Expression profile of lncRNA in human bronchial epithelial cells response to Talaromyces marneffei infection: A microarray analysis

- 370 and 149 lncRNAs were up and down regulated in test group, respectively.
- 269 and 60 mRNAs were up and down regulated, respectively.
- Results of qRT-PCR are consistent with microarray data.
- Functional annotations of coding genes were performed using GO and pathway analyses.

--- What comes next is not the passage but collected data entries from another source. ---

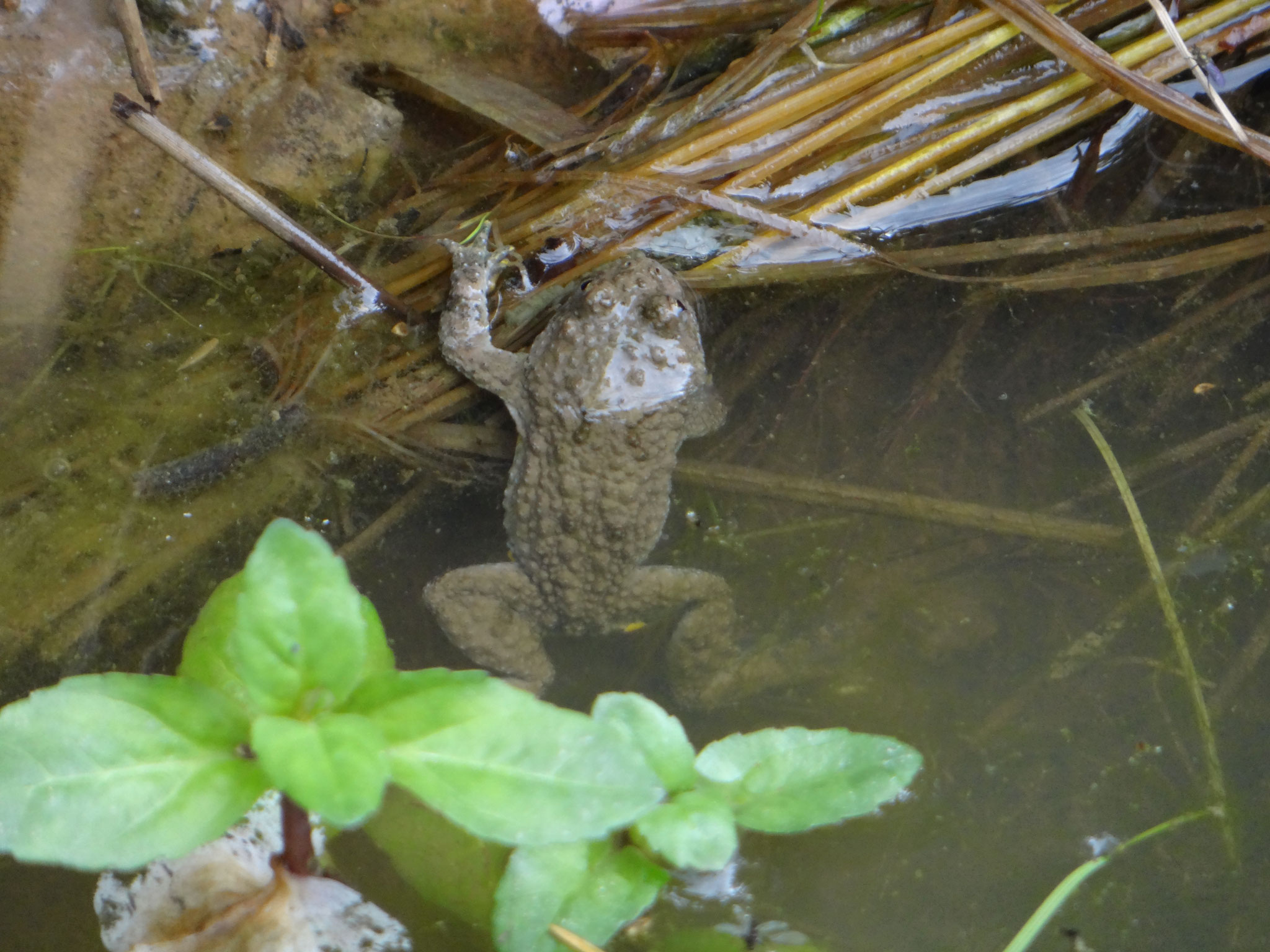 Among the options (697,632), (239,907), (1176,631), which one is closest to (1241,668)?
(1176,631)

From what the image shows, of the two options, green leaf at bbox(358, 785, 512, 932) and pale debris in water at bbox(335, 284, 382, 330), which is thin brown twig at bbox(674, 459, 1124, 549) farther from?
green leaf at bbox(358, 785, 512, 932)

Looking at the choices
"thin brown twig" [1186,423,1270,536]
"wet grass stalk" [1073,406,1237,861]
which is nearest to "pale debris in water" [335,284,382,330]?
"wet grass stalk" [1073,406,1237,861]

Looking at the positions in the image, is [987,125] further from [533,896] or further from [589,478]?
[533,896]

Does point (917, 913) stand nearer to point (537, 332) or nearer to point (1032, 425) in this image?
point (1032, 425)

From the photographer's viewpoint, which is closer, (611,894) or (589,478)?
(611,894)

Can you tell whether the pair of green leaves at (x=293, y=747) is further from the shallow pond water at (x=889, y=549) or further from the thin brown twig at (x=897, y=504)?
the thin brown twig at (x=897, y=504)

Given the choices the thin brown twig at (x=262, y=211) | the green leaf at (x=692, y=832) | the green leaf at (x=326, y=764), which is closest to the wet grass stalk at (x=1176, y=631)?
the green leaf at (x=692, y=832) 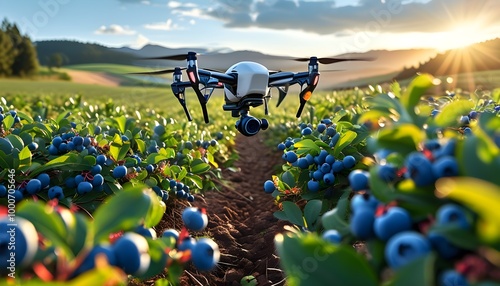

Talaromyces marneffei is an important opportunistic pathogenic fungus capable of causing systemic lethal infection through inhalation of its conidia. However, little is known about the pathogenesis and interactions between Talaromyces marneffei and host. The aim of this study was to identify potential long noncoding RNAs (lncRNAs) and coding genes associated with interactions between airway epithelial cell and Talaromyces marneffei conidia. We carried out a microarray analysis to determine the expression profile of lncRNA and mRNA in human bronchial epithelial cell in response to Talaromyces marneffei infection. Compared to control group, we found that 370 and 149 lncRNAs were up and down regulated, respectively. Meanwhile, the expression level of 269 and 60 mRNAs was increased and decreased, respectively. To understand the potential role of the differentially expressed lncRNAs, we performed functional annotations of the corresponding coding genes using gene ontology and pathway analyses. Our results provide insights into the pathogenesis of early infection by Talaromyces marneffei.